Early life and commercial television career

John Birt was born in Liverpool to a Catholic father, a manager at the Firestone tire company, and a Protestant mother. He was raised as a Roman Catholic. Birt was educated at the direct-grant grammar school St Mary's College, Liverpool and St Catherine's College, Oxford, where he got a third-class degree in engineering.

From 1966 to 1971 Birt was at Granada Television. He devised the magazine programme Nice Time and, as a researcher at World in Action, staged in July 1967 a melodramatic post-trial encounter between Mick Jagger and senior figures in the British establishment. Jagger, just released following drugs charges, descended from a helicopter to discuss on the lawn matters of the day with, among others, the editor of The Times William Rees-Mogg, and the Bishop of Woolwich John A. T. Robinson.

Birt in 1969 became joint editor of World in Action with Gus McDonald, a former Trotskyist, later himself to become a government minister and a member of the House of Lords.
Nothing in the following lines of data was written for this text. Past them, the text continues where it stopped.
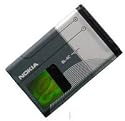 Nokia Battery Bl5c Bl-5c N91 7610 3600 6822 7600 1112 1600 2270 2285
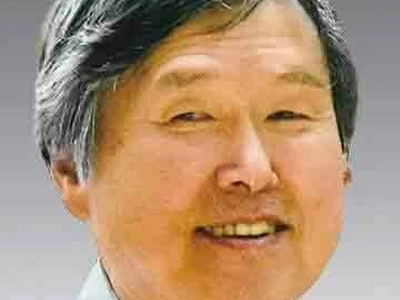 [미주시문학을빛내고있는 10명의시인을찾아서8] 구르는나무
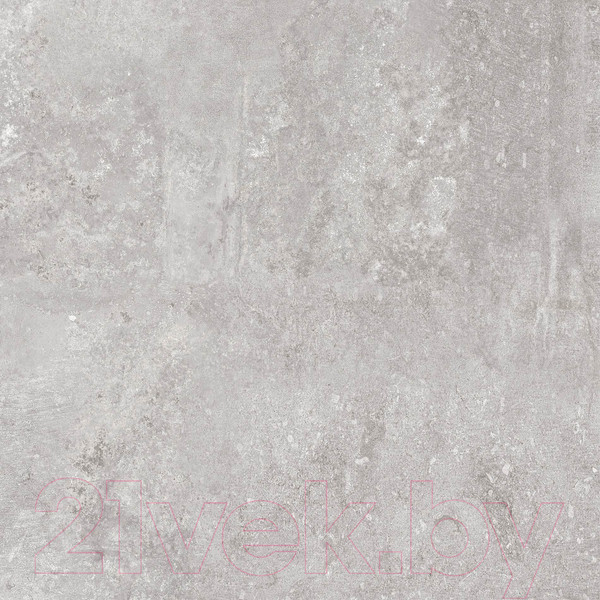 Изображение товара Плитка Beryoza Ceramica Titano GP (500x500, бежевый)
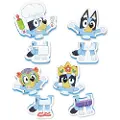 Tomy Bath Puzzle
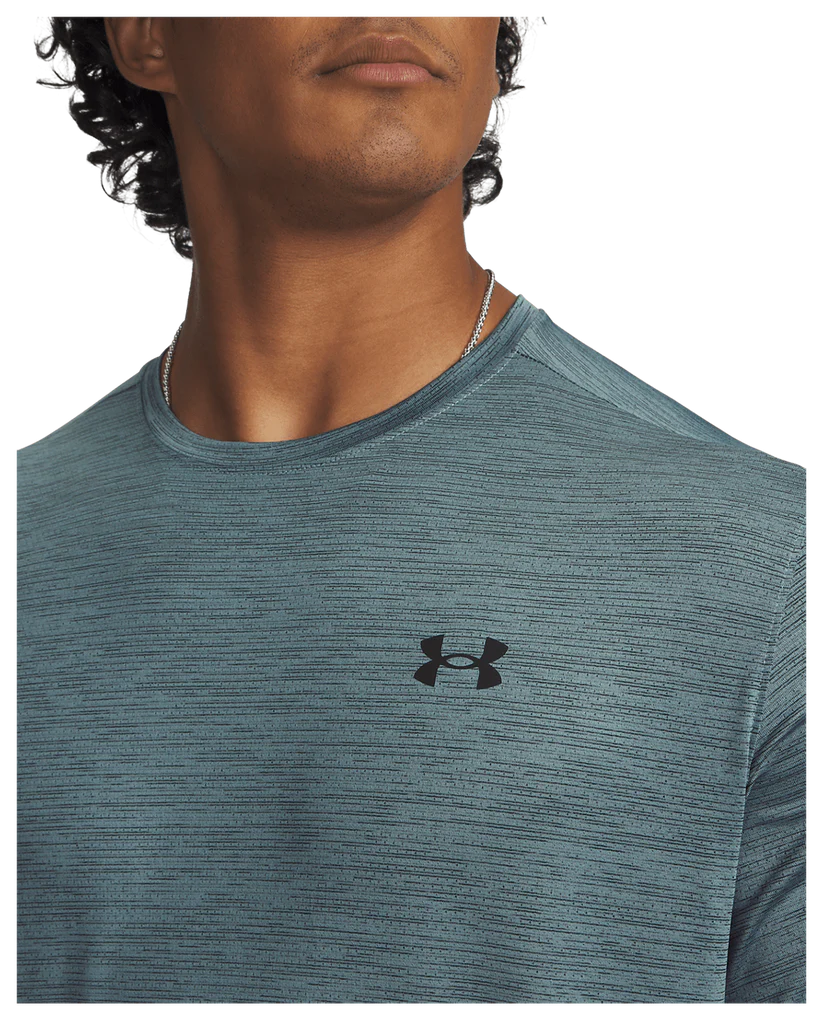Under Armour Tech Vent T-Shirt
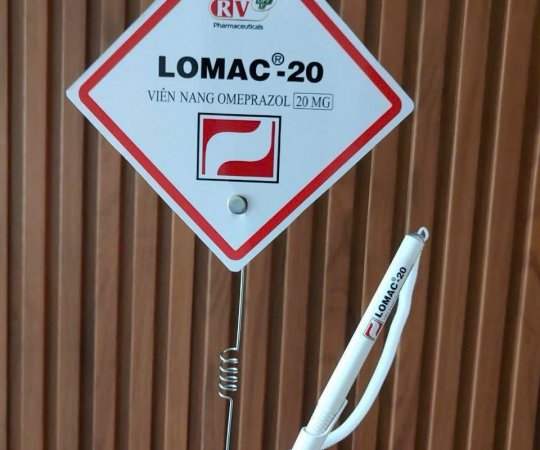 POSM-HANGER SẮT- HANGER PVC - HANGER NHỰA PP -POSTER NHỰA PP- KỆ SẮT -POSTER HÚT NỔI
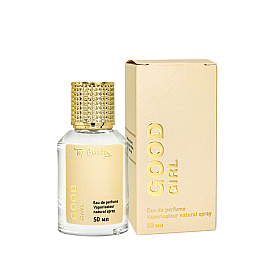 Туалетная вода женская Top Beauty Good girl 50 мл (TB-8421)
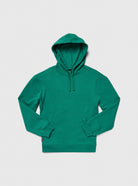 Unisex Runaround Hoodie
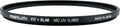 Marumi Fit + Slim 77mm MC UV Filter - Slim Protecting UV Filter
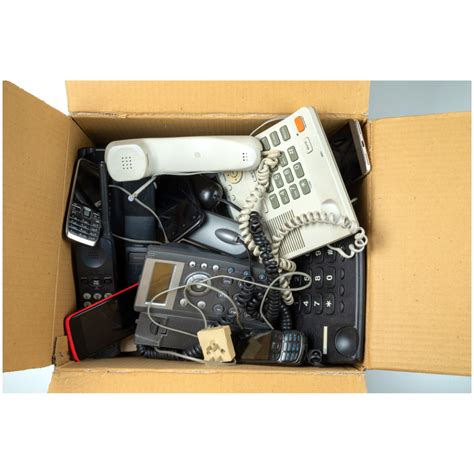 small business phone plans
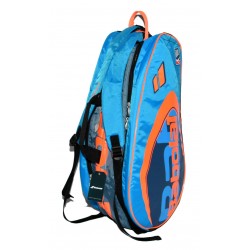 MOCHILA PALAS PADEL BABOLAT RH CLUB NUEVA
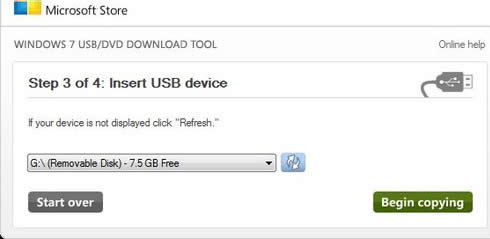 ��õ�thinkstation ���bϵ�y�̳�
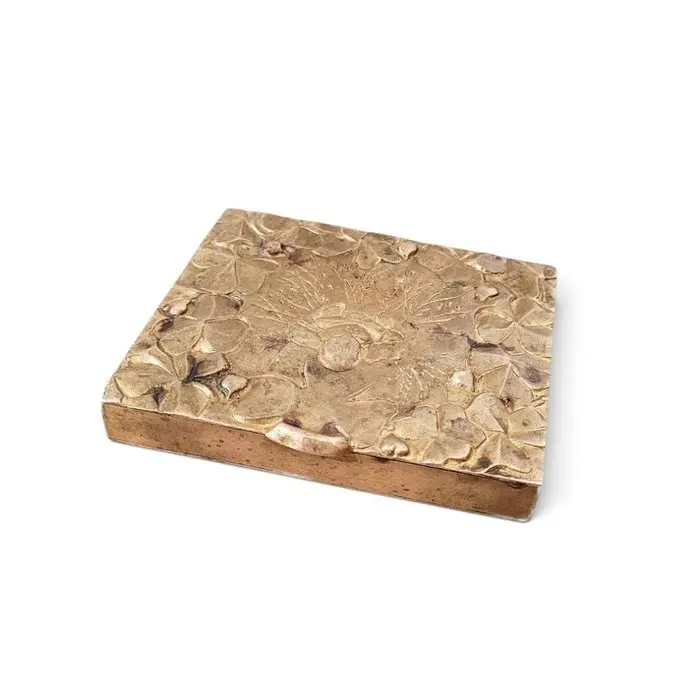 Line Vautrin - Line Vautrin - Box - Line Vautrin powder...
Birt later moved to LWT, where he was founding editor of the current affairs programme Weekend World. He became head of current affairs at LWT and, later, controller of features and current affairs. In the mid-1970s he took a break from LWT to produce David Frost's interviews with disgraced former US President Richard Nixon. Birt returned to LWT as director of programmes in 1982. During this period he revived the career of his old friend, the Liverpool singer Cilla Black, who in due course became the highest paid female performer on UK television.

Birt formed a close working relationship with his boss at LWT, Michael Grade, which would later go sour when both worked at the BBC.[2]

BBC career

While deputy director-general under Michael Checkland, a former accountant, Birt also served as the BBC's director of news and current affairs. Then and subsequently, in the wake of the Thatcher government's bitter spats with Milne, he became the most hands-on editor-in-chief in the corporation's history.

With the then Weekend World presenter Peter Jay, Birt had in 1974 contributed to The Times a series of three much-discussed articles on the topic of television journalism. Most television news and current affairs contained, they argued, a "bias against understanding": mere pictures had taken precedence over analysis. They advocated instead what became known as "a mission to explain." The model was Weekend World.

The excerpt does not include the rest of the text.